-- Source information follows --
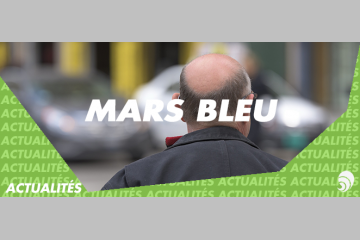 Mars bleu : un mois pour agir contre le cancer colorectal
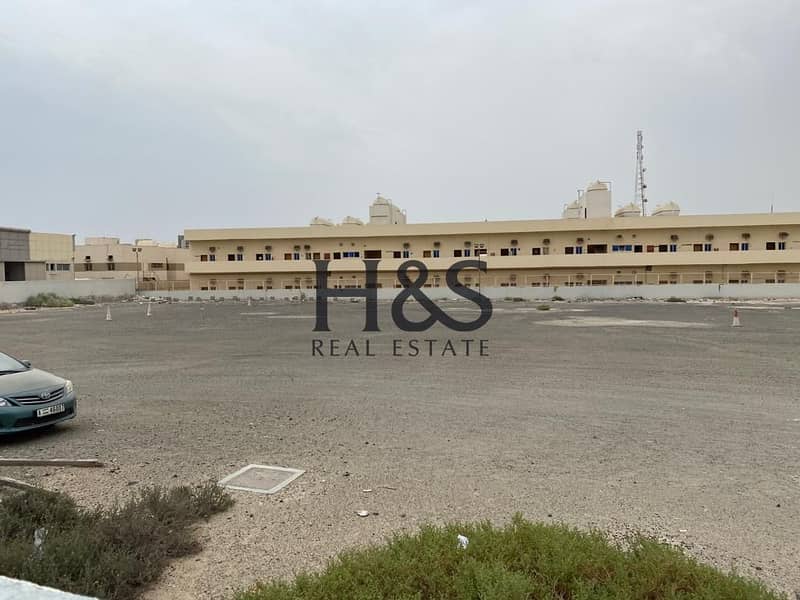 Plot For Sale Al Jurf Industrial 3, Al Jurf Industrial Area,  Ajman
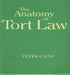 The Anatomy of Tort Law by Peter Cane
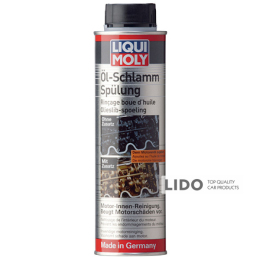 Мягкая промывка масляной системы Liqui Moly Oil-Schlamm-Spulung 300мл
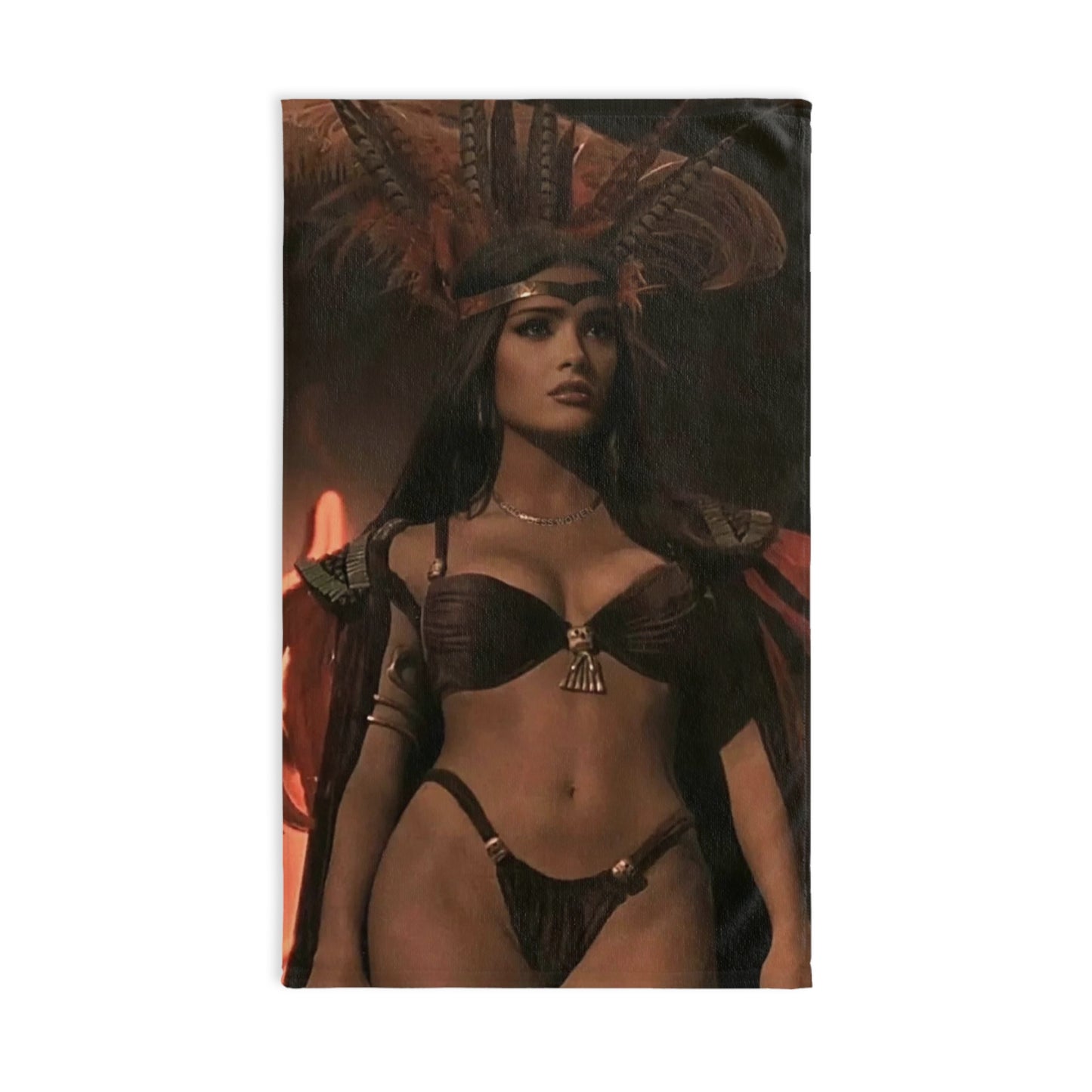 Hand Towel Salma Hayek Dusk til Dawn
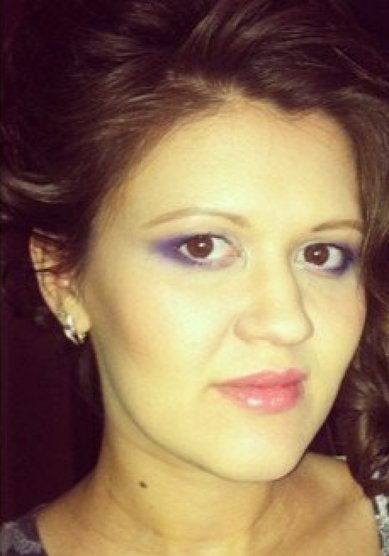 Свадебный образ Г20695 - Стилист-визажист Гузель Зарипова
-- Source information concluded --
Task details -> Although the records contain pictures, only the text should be copied, exactly as it stands.

Your solution ->
 Mars bleu : un mois pour agir contre le cancer colorectal
 Plot For Sale Al Jurf Industrial 3, Al Jurf Industrial Area,  Ajman
 The Anatomy of Tort Law by Peter Cane
 Мягкая промывка масляной системы Liqui Moly Oil-Schlamm-Spulung 300мл
 Hand Towel Salma Hayek Dusk til Dawn
 Свадебный образ Г20695 - Стилист-визажист Гузель Зарипова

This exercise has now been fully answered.